== Task brief ==
Read the records below. Copy each line where the string "Picture" occurs.
# # # #
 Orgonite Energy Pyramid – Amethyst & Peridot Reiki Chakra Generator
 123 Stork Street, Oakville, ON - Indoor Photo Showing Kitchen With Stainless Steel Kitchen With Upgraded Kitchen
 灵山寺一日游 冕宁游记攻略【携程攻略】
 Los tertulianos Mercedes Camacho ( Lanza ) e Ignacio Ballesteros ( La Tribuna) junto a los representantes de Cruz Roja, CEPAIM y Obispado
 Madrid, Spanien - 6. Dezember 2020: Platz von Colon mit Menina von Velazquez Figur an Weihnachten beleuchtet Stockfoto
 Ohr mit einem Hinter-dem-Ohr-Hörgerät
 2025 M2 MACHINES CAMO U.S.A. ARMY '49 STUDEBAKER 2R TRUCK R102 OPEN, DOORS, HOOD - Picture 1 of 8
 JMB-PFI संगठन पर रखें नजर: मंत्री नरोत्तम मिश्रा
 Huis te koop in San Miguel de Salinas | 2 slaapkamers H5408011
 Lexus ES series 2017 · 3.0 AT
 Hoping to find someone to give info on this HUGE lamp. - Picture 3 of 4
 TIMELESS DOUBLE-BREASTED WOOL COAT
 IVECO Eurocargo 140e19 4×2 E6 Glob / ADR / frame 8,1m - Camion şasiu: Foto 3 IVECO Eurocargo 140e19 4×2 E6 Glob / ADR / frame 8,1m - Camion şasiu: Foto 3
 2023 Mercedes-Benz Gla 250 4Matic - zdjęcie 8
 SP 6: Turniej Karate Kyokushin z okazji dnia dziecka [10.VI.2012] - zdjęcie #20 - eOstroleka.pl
# # # #
== Task output ==
 2025 M2 MACHINES CAMO U.S.A. ARMY '49 STUDEBAKER 2R TRUCK R102 OPEN, DOORS, HOOD - Picture 1 of 8
 Hoping to find someone to give info on this HUGE lamp. - Picture 3 of 4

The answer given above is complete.